Car rental services are the easiest category of rental services to understand from a legal and economic perspective. There is only one (legal) relationship: A, the owner of a car, rents out the car for a fee to B, who is to have temporary possession of the car. Typically, cars are rented out on a short-term basis. This can be in a professional context, such as on business trips, or in the context of leisure activities, such as while on holiday. Car rental tends to be carried out independently of the question whether the person renting the car is the owner of one ‘in real life’. ( 5 )

27.

Leasing agreements follow a different logic: a person would like to have at his or her disposal a car, on a permanent basis (that is to say, day and night) and for a specified period of time. Such agreements do not cater to short-term (business or holiday) needs, but rather to medium- to long-term ones, as well as, more importantly, everyday needs. A person would like to use a car, whenever it suits them, for everyday purposes. The question of who actually owns the car becomes secondary. What counts is that a car is put at someone’s disposal who can then effectively use it.

28.

Under an operating leasing agreement, the lessee (the user of the car) does not assume any ownership or residual value risk. The lessor (the owner of the car) retains ownership of the car and is responsible for maintenance and repairs. When the agreement comes to an end, the lessee returns the car to the lessor. Under a financial leasing agreement, on the other hand, the lessee assumes possession and the residual value risks. Typically, the lessor purchases the car at the behest of the lessee and leases it to him or her for a fixed period of time, usually several years. The lessee makes periodic lease payments and is responsible for maintenance and repairs. At the end of the agreement, the lessee generally has the option to purchase the car for its residual value.

29.

By way of illustration, operating leasing generally functions in the following way: A desires a car, typically for everyday use. For this purpose, A goes to B, a specialist, usually a car dealer or, as in the present case, a firm specialised in placing cars at the disposal of customers for a specified period of time. B either has a car already ready among its fleet or, as is more likely, will procure a car in accordance with A’s wishes, which will then be leased to A.

30.

B is the owner of the car, in the legal sense of the term. A uses the car and pays a fee for its use. Various other conditions are determined by the contract between A and B, such as a maximum mileage and the fees to be paid if that mileage is exceeded. At the end of the period stipulated in the contract, the car is given back to B. Crucially, the payments made by A do not correspond to the amortisation of the value of the car. In other words, B assumes the economic risk in relation to its ability to re-use, re-rent, re-lease or re-sell the vehicle.

31.

Financial leasing follows a different pattern. The initial arrangement is similar to that of operating leasing (see point 29 above). Where the two differ is in the amortisation of the vehicle via the payments between A and B. Typically, in financial leasing, at the end of the stipulated period, the vehicle is either ‘paid off’ and ownership is transferred from B to A, or there is the option for A to acquire the vehicle against the payment of a final sum. The second option is the more prevalent, meaning that even financial leasing is not necessarily geared towards the acquisition of the vehicle. This is logical – if the acquisition of the vehicle were central to the intentions of the parties, they would opt for a regular sale contract with deferred payment.

32.

In summary, leasing – whether operating or financial – is intended to place a car at the disposal of a customer so that it can be used. That is the reason why, in national legal systems, leasing, and in particular operating leasing, is typically seen as a rental contract with certain specificities.

33.

In other words, even though operating leasing contracts involve, as the case may be, elements of rent, sale and loan, they tend to be treated primarily as rental contracts, ( 6 ) since the main thrust of the agreement, in conformity with the parties’ intentions, is the renting aspect. In some cases, operating leasing and financial leasing are even treated in the same manner under national civil law. ( 7 )

34.

Finally, to conclude this part, it may be assumed, based on the information before the Court, that operating leasing as carried out by Autotechnica is offered in a way such as that described in points 28 to 30 above.
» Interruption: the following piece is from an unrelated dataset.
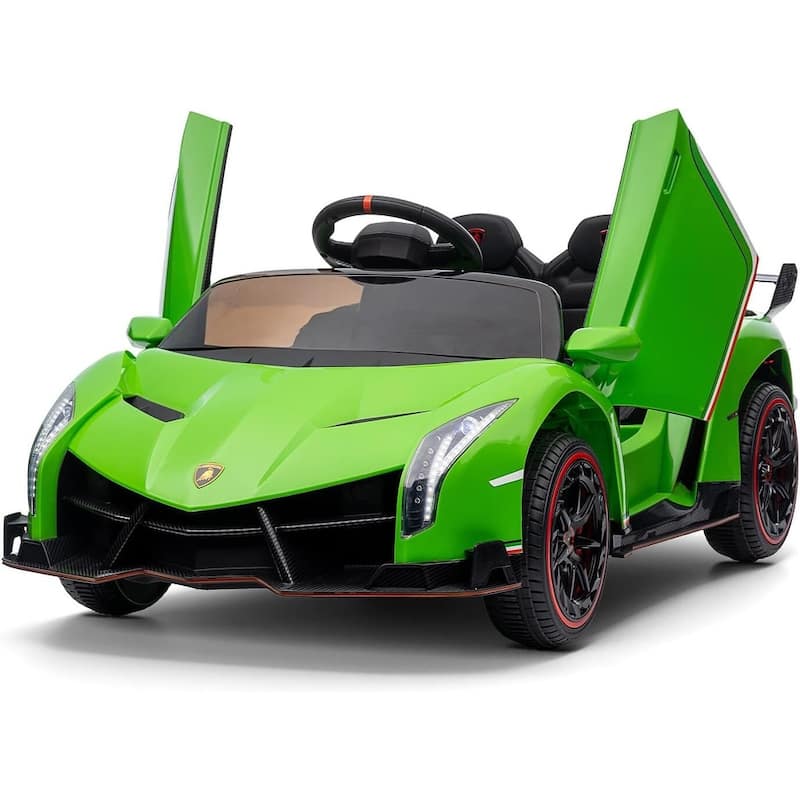 Kids Ride On Car - Green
2. Article 2(2) of Directive 2006/123

35.

This brings us to the core of the first question: can operating leasing under conditions such as those at issue in the main proceedings be regarded as a ‘financial service’ within the meaning of Article 2(2)(b) of Directive 2006/123?

36.

The answer is a resounding ‘no’.

37.

The subject matter of Directive 2006/123 is defined in Article 1 thereof as the establishment of ‘general provisions facilitating the exercise of the freedom of establishment for service providers and the free movement of services, while maintaining a high quality of services’. Directive 2006/123 has a broad scope, as it applies, in principle, to all services supplied by providers established in a Member State. ( 8 ) The exceptions, that is to say, the fields to which Directive 2006/123 does not apply, are enumerated in Article 2(2) of that directive.

38.

Following the general logic of rule and exception underpinning the entire internal market, those exceptions are to be interpreted in a narrow manner. Moreover, even though it may appear at first as if the activities listed in points (a) to (l) of Article 2(2) of Directive 2006/123 do not follow any inherent logic and constitute a random ‘hotchpotch’, dictated by policy choices of the EU legislature at the time, ( 9 ) I would nevertheless submit that they do follow a legal logic. Activities are excluded for one of three reasons: because the EU legislature decided to follow the logic enshrined in primary law; ( 10 ) because, at least in some Member States, they tend to be carried out by public bodies due to their sensitivity; ( 11 ) or because they have been harmonised at EU level, thereby making the application of Directive 2006/123 redundant. Examples of the last category are electronic communications services and networks ( 12 ) and, I would submit, financial services ( 13 ). This is corroborated by recital 18 of Directive 2006/123, which states that financial services should be excluded from the scope of that directive ‘since these activities are the subject of specific [EU] legislation aimed, as is this Directive, at achieving a genuine internal market for services’. ( 14 )

39.

Article 2(2)(b) of Directive 2006/123 mentions, in an illustrative manner, ( 15 ) among the financial services to which that directive does not apply, banking, credit, insurance and re-insurance, occupational or personal pensions, securities, investment funds, payment and investment advice, including the services listed in Annex I to Directive 2013/36. ( 16 ) That annex lists 15 activities which are subject to mutual recognition under that directive. One of these activities is financial leasing; ( 17 ) operating leasing is not mentioned therein.

40.

This last finding already permits the conclusion that operating leasing is not regarded as a financial service by the EU legislature and that, consequently, it falls within the remit of Directive 2006/123. This is also corroborated by the Commission’s non-binding but nevertheless illustrative Handbook on implementation of the Services Directive in which it is stated that ‘services which do not constitute a financial service, such as operating leasing services consisting in the hiring-out of goods, are not covered by this exclusion’. ( 18 )

41.

Other arguments also militate against qualifying operating leasing as a financial service.

42.

Any commercial transaction entails a financial element in the broad sense, namely the price or the fee paid for a good or service. Thus, by way of example, in order to acquire a bottle of water at the supermarket, one must pay the relevant price, and in order to take a train, one must pay for a ticket – yet most commercial transactions do not constitute financial services. The decisive question is where does the centre of gravity lie? That is, is the purpose of the agreement to acquire or rent a good or service outright, or is it to finance the acquisition of a good or service?

43.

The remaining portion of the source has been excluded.